New Testing Provides Better Information for Parents of Children with Epileptic Encephalopathy

April 25, 2018

Advances in genetic testing offer new insights to parents who have a child with a rare but serious form of epilepsy, epileptic encephalopathy (EE), found in one of about every 2,000 births and characterized by developmental disabilities as well as horrible seizures.

“New ways of sequencing the human genome mean geneticists and genetic counselors have much more to say to parents who wonder if future children might carry the disease,” says Dr. Heather Mefford, associate professor of pediatrics (genetic medicine) at University of Washington School of Medicine and Deputy Scientific Director of the Brotman Baty Institute for Precision Medicine, co-senior author of findingspublished this week in the New England Journal of Medicine.

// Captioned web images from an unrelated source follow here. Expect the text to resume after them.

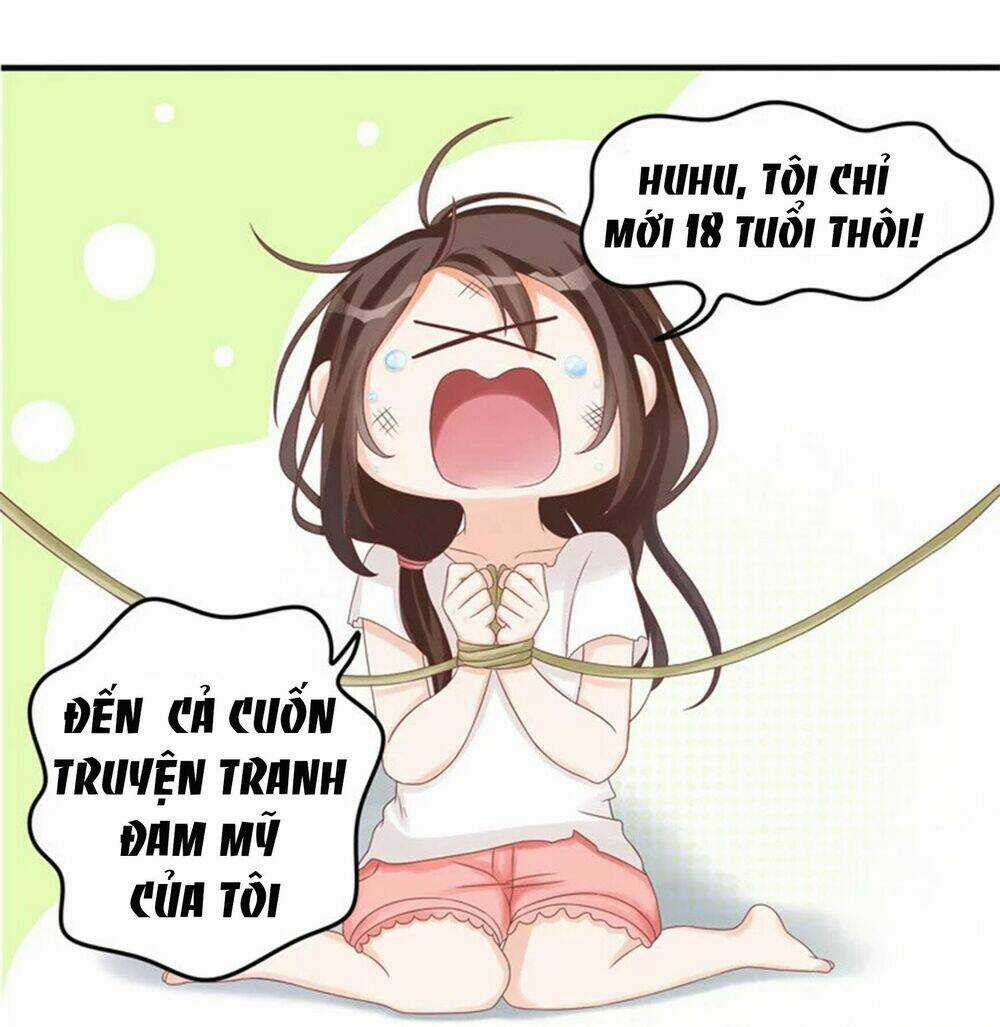 Phác Đảo Sư Tôn Đại Nhân Chapter 2 trang 21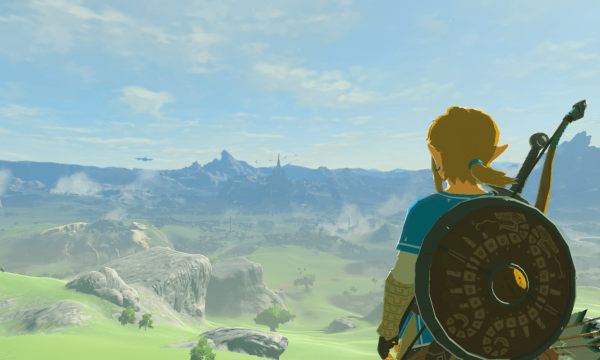 Breath of the Wild 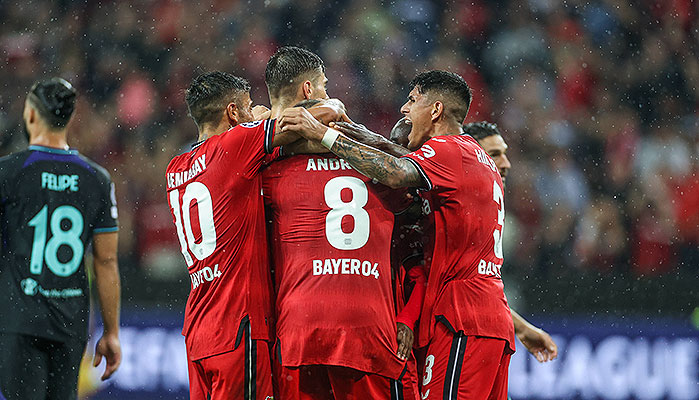 Porto Leverkusen Tipp Prognose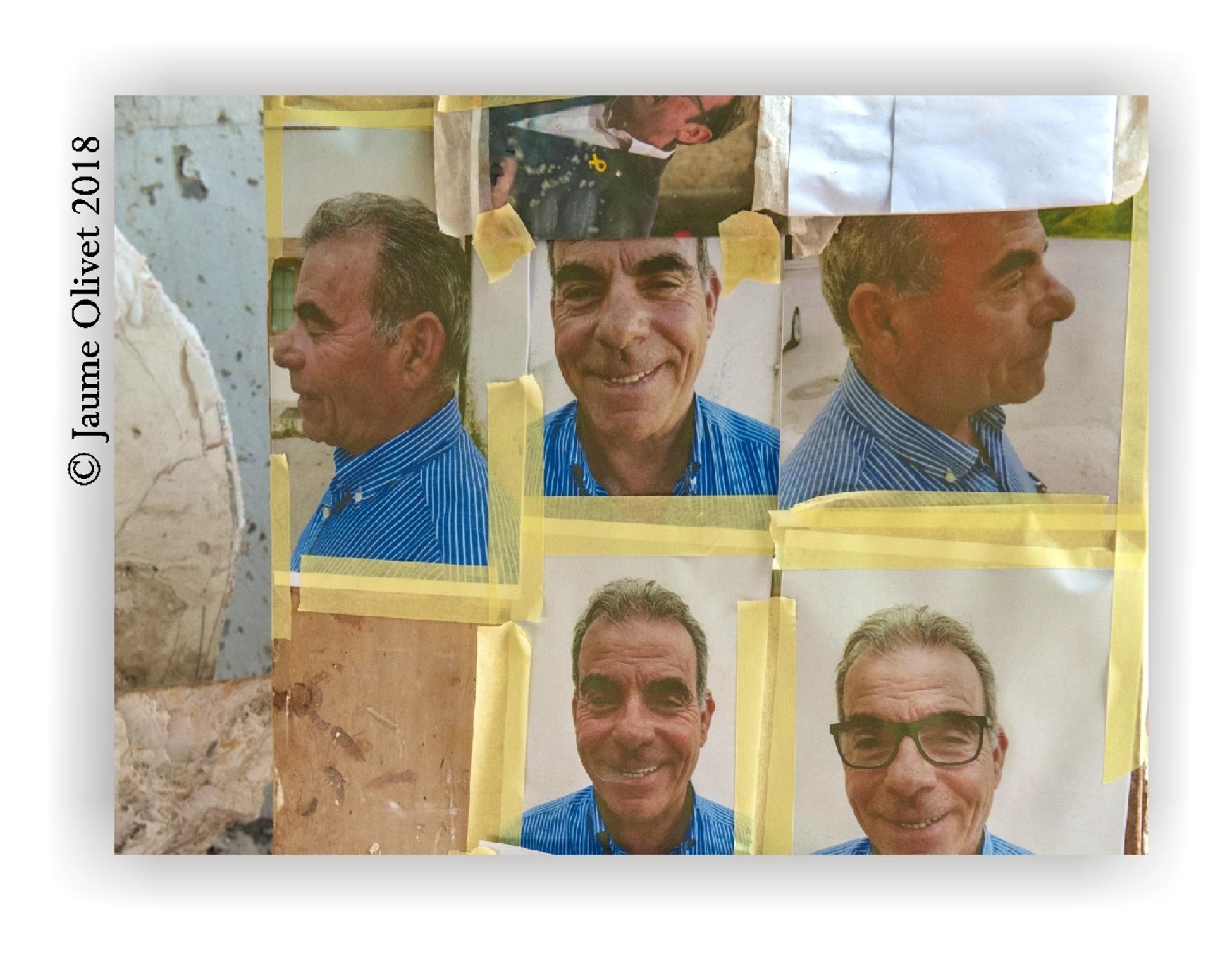  Jaume Olivet 2018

A big question from any parent of a child with EE is, “What are the odds that our other children might have this condition?” For decades, parents whose child had epilepsy were told there’s a 1 to 5 percent chance that other children might inherit the mutation. This was based on clinical evidence – the numbers of reoccurrences physicians saw in the clinic.

But armed with more precise testing, the geneticists found parental mosaicism that wasn’t easily detected before in about 10 percent of families, putting these families at higher risk of passing the mutation to another child. What this means in practical terms is that this small group probably accounts for most of the reoccurrences. For some parents, there’s good news: if this parental mosaicism was not detected, your odds of having another such child with epilepsy could be much less than 1 percent.